Article Abstract

Commentary: the CyPass, a novel supraciliary implant for openangle glaucoma

Authors: Yalong Dang, Nils A. Loewen


Traditional glaucoma surgeries are effective at lowering the intraocular pressure (IOP) but with a relatively high incidence of complications, that can amount to 77% (early and late) (1). In contrast, micro incisional glaucoma surgeries (MIGS) have a complication rate that is 10 to 20 fold lower (2) but were only in less advanced glaucoma until recently (3-5). Although often advertised as new, procedures that qualify as MIGS have been performed for more than a century: for instance, Tailor performed angle surgery in 1891 and Heine introduced suprachoroidal drainage procedures in 1900 (6). Many more MIGS types are now available, including trabecular meshwork (TM) bypass stents (iStent G1 and iStent G2 Inject, Glaukos, Laguna Hills, CA; Hydrus, Ivantis, Irvine, CA, USA), TM ablation (Kahook Dual Blade, New World Medical, Rancho Cucamonga, CA, USA; Trabectome, Neomedix Inc, Tustin, CA, USA) or disruption (Trab360, Sight Sciences, Menlo Park, CA, USA) devices.
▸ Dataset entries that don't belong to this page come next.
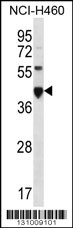 CEACAM18 Antibody (N-term) (Cat. #AP12282a) western blot analysis in NCI-H460 cell line lysates (35ug/lane).This demonstrates the CEACAM18 antibody detected the CEACAM18 protein (arrow).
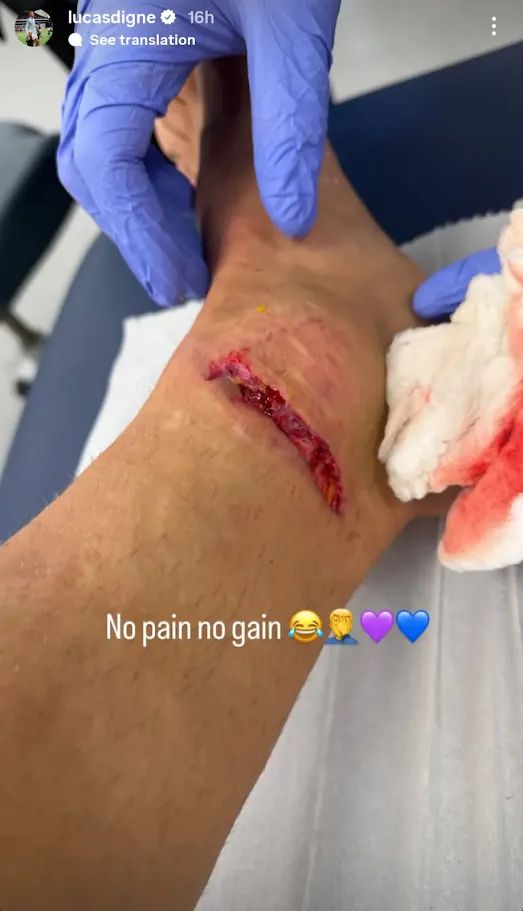 Lucas Digne injury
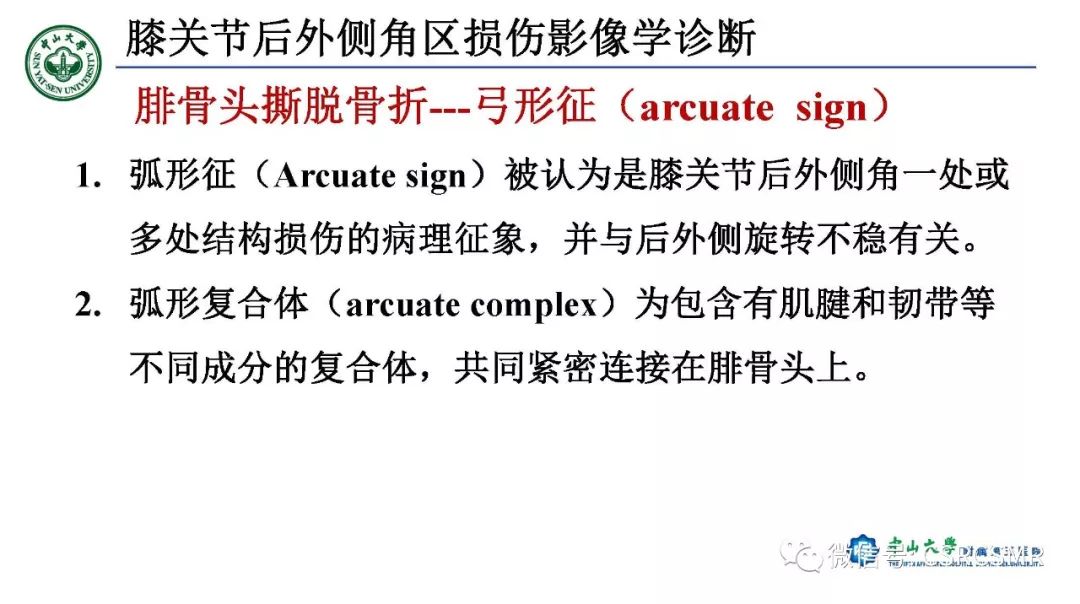【PPT】膝关节后外侧角区影像解剖及损伤后影像学诊断-43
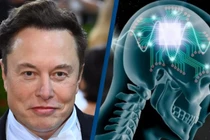 Neuralink của Elon Musk lập kỷ lục cấy chip não 1,5 giây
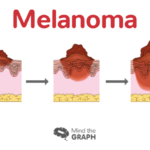 melanoma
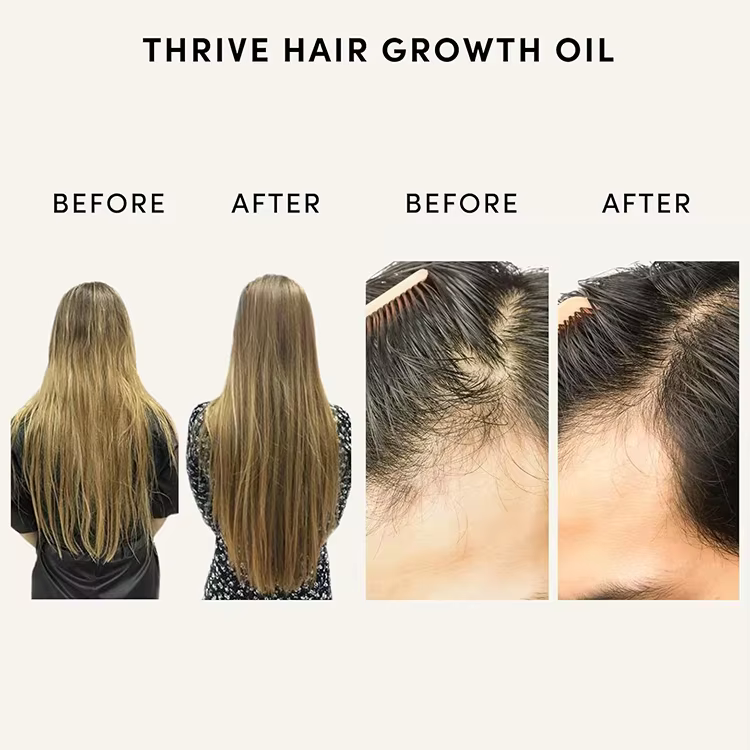 FDA/GMP Facility Natural Hair Repair Oil with Castor Rosemary Oil Effective Thickening Hair Growth Serum
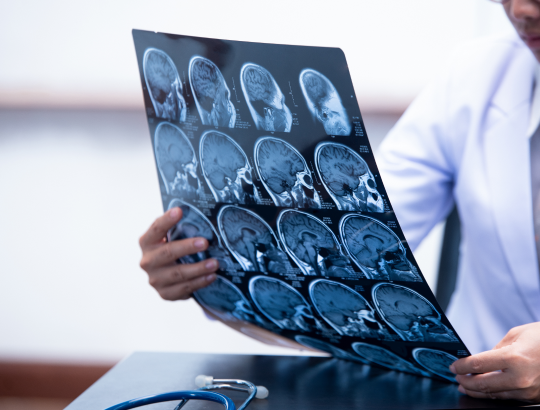 Апиксабан — обновленное описание антикоагулянта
There are subconjunctival (XEN, AqueSys, Irvine, CA, USA) or suprachoroidal shunts (Gold Shunt, SOLX, Waltham, MA, USA; CyPass, Transcend Medical, Menlo Park, CA, USA; iStent G3 Supra, Glaukos, Laguna Hills, CA, USA), and endocyclophotocoagulation (Endo Optiks, Little Silver, NJ, USA). The CyPass is implanted via an interno approach which is less invasive than ab externo as necessary with the older SOLX Gold Shunt or the Aquashunt (Opko Health, Miami, FL, USA) (7). Although both used inert and biocompatible materials (gold and polypropylene), a high rate of fibrosis can be seen even when combined with antifibrotics (8-10). This is not surprising as the same fibroblasts are present in the suprachoroidal space as in the sub-tenon space that epibulbar devices face.